• _Work instructions_:
Please report how many lines of the listing contain the string "Rock", giving the number only.

• _Given records_:
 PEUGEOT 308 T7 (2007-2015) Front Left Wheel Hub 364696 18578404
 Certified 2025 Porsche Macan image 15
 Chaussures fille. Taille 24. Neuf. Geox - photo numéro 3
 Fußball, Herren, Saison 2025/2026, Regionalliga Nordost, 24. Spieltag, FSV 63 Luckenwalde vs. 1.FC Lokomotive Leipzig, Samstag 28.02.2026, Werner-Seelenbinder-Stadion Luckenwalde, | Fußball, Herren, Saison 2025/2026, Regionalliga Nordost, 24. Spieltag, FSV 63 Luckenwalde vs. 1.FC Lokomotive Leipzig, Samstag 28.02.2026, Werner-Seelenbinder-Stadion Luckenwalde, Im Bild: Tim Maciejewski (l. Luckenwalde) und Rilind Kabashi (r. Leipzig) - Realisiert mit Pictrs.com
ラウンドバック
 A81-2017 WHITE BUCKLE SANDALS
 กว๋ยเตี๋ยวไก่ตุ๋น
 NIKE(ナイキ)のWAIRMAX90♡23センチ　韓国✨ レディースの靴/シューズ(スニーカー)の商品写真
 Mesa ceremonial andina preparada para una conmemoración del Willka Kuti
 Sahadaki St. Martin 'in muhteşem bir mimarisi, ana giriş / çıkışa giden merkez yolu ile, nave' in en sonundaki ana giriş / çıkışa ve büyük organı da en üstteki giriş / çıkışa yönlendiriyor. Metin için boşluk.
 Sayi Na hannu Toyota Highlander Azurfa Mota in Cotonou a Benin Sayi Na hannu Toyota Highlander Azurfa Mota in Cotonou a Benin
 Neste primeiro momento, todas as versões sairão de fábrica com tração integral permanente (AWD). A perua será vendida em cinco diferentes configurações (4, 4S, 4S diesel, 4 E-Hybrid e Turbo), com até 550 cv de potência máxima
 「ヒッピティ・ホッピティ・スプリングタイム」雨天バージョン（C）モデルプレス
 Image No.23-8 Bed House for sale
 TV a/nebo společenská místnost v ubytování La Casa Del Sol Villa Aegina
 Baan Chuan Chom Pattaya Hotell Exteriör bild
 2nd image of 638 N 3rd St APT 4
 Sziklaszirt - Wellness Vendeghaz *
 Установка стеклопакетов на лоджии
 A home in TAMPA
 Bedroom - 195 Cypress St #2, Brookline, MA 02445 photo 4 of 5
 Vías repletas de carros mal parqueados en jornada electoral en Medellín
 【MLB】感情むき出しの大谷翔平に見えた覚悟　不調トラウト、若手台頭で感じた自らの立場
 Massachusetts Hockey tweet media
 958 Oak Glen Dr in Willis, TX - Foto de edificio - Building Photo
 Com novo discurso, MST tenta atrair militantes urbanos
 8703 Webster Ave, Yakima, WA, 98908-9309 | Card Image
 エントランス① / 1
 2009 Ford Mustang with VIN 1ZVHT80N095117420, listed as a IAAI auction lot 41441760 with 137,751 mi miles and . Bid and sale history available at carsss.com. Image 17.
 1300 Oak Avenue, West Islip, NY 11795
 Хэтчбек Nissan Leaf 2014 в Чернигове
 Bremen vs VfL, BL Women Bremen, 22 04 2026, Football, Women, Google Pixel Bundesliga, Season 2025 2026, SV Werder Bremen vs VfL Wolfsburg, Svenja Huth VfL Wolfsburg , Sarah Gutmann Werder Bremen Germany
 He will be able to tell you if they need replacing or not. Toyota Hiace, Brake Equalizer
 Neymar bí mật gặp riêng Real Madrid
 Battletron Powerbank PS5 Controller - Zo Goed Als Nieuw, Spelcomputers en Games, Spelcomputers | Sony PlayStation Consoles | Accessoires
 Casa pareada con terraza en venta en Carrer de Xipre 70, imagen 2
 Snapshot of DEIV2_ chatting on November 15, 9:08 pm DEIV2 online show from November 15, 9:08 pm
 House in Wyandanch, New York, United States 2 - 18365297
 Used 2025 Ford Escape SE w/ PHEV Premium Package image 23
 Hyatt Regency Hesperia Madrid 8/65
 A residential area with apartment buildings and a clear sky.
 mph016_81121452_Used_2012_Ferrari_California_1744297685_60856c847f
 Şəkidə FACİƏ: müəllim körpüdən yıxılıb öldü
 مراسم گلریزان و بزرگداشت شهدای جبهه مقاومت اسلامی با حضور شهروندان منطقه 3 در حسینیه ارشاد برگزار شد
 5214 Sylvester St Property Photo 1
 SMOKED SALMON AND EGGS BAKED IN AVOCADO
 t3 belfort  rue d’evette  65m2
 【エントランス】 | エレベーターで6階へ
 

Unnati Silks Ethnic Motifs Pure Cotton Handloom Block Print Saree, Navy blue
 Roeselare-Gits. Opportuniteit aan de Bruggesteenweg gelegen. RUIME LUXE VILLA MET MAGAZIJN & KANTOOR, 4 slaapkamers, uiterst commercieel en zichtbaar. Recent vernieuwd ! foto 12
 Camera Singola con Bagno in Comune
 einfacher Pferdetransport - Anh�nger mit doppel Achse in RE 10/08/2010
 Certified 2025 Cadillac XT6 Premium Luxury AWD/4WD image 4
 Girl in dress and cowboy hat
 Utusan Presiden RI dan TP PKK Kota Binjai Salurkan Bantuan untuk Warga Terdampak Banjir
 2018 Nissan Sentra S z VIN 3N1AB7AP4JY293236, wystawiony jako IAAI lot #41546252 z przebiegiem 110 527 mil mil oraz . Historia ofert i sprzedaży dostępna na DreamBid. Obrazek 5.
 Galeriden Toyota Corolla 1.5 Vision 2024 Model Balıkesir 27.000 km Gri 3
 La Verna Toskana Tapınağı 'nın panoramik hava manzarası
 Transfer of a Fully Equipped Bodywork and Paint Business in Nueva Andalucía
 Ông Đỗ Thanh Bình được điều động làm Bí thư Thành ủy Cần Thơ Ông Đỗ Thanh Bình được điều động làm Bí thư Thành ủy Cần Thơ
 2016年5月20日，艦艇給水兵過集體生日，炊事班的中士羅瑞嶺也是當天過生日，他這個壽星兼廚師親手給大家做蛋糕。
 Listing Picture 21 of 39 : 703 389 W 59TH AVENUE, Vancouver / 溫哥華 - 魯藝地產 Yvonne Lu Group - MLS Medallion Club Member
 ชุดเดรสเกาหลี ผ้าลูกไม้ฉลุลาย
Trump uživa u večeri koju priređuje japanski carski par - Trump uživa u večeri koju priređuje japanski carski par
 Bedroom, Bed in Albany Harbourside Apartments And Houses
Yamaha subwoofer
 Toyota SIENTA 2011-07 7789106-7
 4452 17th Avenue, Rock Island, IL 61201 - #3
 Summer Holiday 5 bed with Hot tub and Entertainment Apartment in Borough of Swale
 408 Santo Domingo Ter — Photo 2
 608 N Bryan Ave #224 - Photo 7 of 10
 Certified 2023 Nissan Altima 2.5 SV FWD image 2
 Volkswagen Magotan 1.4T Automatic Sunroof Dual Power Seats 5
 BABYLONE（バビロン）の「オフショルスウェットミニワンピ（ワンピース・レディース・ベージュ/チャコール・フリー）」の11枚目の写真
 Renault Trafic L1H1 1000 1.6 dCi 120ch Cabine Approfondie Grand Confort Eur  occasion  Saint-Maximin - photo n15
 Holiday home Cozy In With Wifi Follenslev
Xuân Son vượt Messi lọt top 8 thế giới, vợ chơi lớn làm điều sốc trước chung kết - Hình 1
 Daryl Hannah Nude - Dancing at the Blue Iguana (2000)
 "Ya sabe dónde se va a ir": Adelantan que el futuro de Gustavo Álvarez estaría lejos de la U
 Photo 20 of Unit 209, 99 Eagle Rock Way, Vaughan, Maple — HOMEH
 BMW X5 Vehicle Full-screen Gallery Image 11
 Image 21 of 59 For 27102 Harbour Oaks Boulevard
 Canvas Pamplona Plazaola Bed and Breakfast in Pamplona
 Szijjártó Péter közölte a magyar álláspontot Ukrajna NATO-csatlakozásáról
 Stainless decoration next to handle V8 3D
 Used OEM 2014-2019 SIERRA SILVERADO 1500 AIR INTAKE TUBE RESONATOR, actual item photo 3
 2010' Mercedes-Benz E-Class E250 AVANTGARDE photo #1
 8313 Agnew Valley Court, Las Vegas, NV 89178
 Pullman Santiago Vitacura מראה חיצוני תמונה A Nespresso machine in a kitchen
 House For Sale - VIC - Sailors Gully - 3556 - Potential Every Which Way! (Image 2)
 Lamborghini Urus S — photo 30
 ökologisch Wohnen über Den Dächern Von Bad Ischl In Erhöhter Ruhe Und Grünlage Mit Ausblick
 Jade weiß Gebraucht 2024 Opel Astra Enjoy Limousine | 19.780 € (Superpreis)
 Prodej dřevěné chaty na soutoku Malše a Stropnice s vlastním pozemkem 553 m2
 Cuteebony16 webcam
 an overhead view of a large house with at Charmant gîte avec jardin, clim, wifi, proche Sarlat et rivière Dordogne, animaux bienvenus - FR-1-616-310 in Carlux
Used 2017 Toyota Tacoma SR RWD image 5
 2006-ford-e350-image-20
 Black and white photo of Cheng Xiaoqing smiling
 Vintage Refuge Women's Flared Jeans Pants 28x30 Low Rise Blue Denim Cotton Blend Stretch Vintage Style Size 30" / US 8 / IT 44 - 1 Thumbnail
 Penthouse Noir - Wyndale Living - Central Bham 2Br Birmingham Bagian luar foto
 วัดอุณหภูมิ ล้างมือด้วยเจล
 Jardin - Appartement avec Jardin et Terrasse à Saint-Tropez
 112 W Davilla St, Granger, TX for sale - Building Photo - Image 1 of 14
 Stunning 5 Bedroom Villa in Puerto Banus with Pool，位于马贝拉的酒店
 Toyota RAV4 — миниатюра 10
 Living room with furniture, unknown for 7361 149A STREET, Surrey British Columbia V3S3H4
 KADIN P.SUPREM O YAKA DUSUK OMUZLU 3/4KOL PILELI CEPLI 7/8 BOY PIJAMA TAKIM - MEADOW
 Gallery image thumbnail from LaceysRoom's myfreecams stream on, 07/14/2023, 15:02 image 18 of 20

• _Answer space_:
2